** Activity **
Take the line with "Ecuador Flag Novelty" and all lines after it, through the end of the records below, and repeat them exactly.

** Data shown **
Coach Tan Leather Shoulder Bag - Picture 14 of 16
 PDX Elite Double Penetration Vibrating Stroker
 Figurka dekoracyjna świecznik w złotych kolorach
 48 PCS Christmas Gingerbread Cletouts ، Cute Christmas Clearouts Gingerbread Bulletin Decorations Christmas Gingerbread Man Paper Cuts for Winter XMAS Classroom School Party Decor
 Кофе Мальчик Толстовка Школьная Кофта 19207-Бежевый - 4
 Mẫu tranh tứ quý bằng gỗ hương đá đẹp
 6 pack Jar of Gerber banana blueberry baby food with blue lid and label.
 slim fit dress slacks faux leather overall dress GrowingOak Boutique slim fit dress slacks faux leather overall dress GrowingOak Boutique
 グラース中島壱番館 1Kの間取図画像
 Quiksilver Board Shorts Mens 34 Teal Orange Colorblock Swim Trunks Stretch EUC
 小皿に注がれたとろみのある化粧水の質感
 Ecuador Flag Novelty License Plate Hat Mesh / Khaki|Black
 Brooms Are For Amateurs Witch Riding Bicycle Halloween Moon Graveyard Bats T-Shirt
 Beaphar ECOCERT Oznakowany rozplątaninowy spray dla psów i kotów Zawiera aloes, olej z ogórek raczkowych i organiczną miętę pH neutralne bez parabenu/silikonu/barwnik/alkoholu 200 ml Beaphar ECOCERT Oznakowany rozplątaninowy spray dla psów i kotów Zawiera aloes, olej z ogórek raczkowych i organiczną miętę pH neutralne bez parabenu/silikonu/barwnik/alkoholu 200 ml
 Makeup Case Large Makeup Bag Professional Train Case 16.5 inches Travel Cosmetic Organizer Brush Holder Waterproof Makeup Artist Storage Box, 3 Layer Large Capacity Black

** Result below **
 Ecuador Flag Novelty License Plate Hat Mesh / Khaki|Black
 Brooms Are For Amateurs Witch Riding Bicycle Halloween Moon Graveyard Bats T-Shirt
 Beaphar ECOCERT Oznakowany rozplątaninowy spray dla psów i kotów Zawiera aloes, olej z ogórek raczkowych i organiczną miętę pH neutralne bez parabenu/silikonu/barwnik/alkoholu 200 ml Beaphar ECOCERT Oznakowany rozplątaninowy spray dla psów i kotów Zawiera aloes, olej z ogórek raczkowych i organiczną miętę pH neutralne bez parabenu/silikonu/barwnik/alkoholu 200 ml
 Makeup Case Large Makeup Bag Professional Train Case 16.5 inches Travel Cosmetic Organizer Brush Holder Waterproof Makeup Artist Storage Box, 3 Layer Large Capacity Black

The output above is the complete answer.